Hoàng Thị Bảo Trâm

Personal information
- Born: 9 January 1987 (age 39)

Chess career
- Country: Vietnam
- Title: Woman Grandmaster (2006)
- Peak rating: 2410 (October 2017)

= Hoàng Thị Bảo Trâm =

Vietnamese chess player (born 1987)

Hoàng Thị Bảo Trâm (born 9 January 1987) is a Vietnamese chess player and Woman Grandmaster. She is a two-time Vietnamese Women's Chess Championship winner (2011, 2018), Women's Asian Team Chess Championship team gold winner (2005), and two-time World Women's Team Chess Championships individual medalist (2011, 2017).

==Biography==
Hoàng Thị Bảo Trâm won Vietnamese Women's Chess Championship in 2011 and in 2018.

Hoàng Thị Bảo Trâm played for Vietnam in the Women's Chess Olympiads:
- In 2006, at second board in the 37th Chess Olympiad (women) in Turin (+5, =4, -2),
- In 2008, at fourth board in the 38th Chess Olympiad (women) in Dresden (+4, =0, -4),
- In 2010, at first board in the 39th Chess Olympiad (women) in Khanty-Mansiysk (+3, =2, -4),
- In 2014, at third board in the 41st Chess Olympiad (women) in Tromsø (+4, =2, -3),
- In 2016, at second board in the 42nd Chess Olympiad (women) in Baku (+4, =3, -4),
- In 2018, at third board in the 43rd Chess Olympiad (women) in Batumi (+3, =2, -2).

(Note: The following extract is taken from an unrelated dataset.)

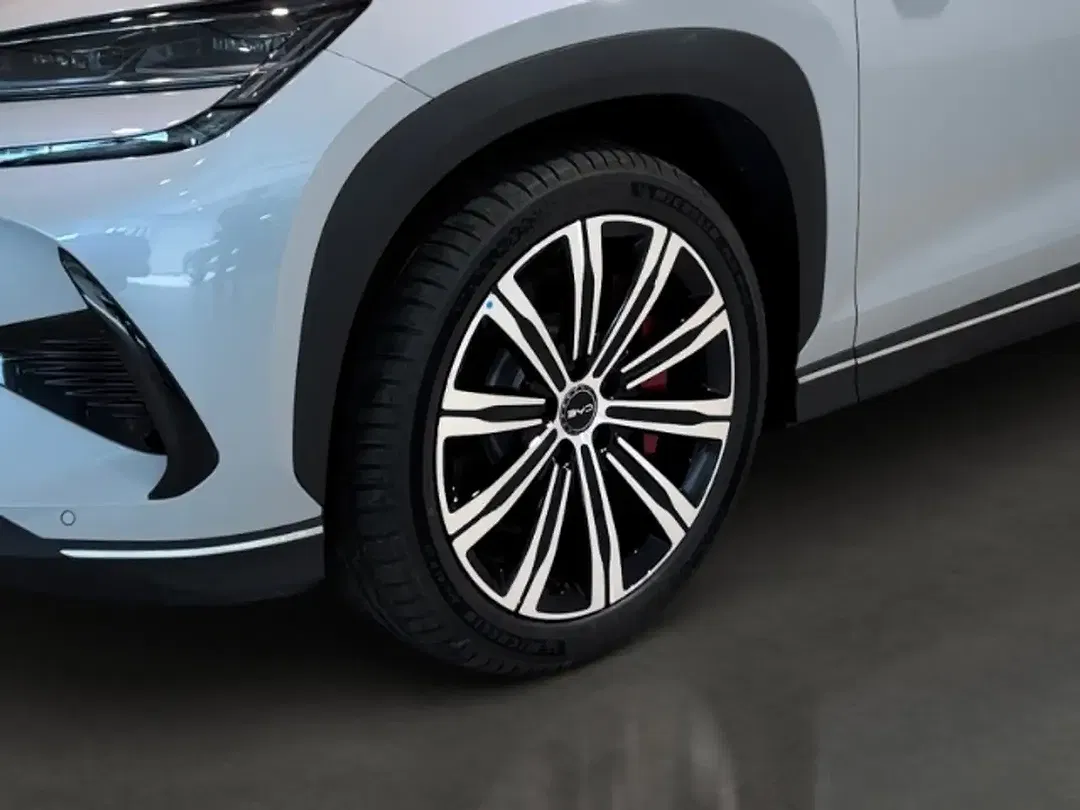 BYD Sealion 7 AWD Design - Thumbnail 5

Hoàng Thị Bảo Trâm played for Vietnam in the World Women's Team Chess Championships:
- In 2007, at third board in the 1st Women's World Team Chess Championship in Yekaterinburg (+1, =3, -3),
- In 2009, at first board in the 2nd Women's World Team Chess Championship in Ningbo (+1, =5, -3),
- In 2011, at second board in the 3rd Women's World Team Chess Championship in Mardin (+4, =2, -2) and won individual bronze medal,
- In 2017, at second board in the 5th Women's World Team Chess Championship in Khanty-Mansiysk (+3, =4, -0) and won individual gold medal.

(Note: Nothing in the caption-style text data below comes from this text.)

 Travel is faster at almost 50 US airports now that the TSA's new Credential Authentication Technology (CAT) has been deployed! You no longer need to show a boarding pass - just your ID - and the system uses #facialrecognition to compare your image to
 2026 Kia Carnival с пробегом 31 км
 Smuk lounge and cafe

Hoàng Thị Bảo Trâm played for Vietnam in the Women's Asian Team Chess Championships:
- In 2005, at first reserve board in the 4th Asian Team Chess Championship (women) in Isfahan (+3, =2, -0) and won team and individual gold medals,
- In 2008, at first reserve board in the 5th Asian Team Chess Championship (women) in Visakhapatnam (+2, =2, -0) and won team bronze and individual silver medals,
- In 2014, at second board in the 8th Asian Women's Nations Chess Cup in Tabriz (+2, =2, -1) and won individual bronze medal,
- In 2016, at second board in the 9th Asian Women's Nations Chess Cup in Abu Dhabi (+4, =1, -2) and won individual bronze medal.

Hoàng Thị Bảo Trâm played for Vietnam in the Asian Games:
- In 2010, at first board in the 16th Asian Games (chess - women) in Guangzhou (+0, =4, -4) and won team bronze medal.

Hoàng Thị Bảo Trâm played for Vietnam in the Asian Indoor Games:
- In 2009, at first women board in the 3rd Asian Indoor Chess Games in Hanoi (+4, =4, -2) and won team silver medal.

In 2005, she was awarded the FIDE Woman International Master (WIM) title and received the FIDE Woman Grandmaster (WGM) title a year later.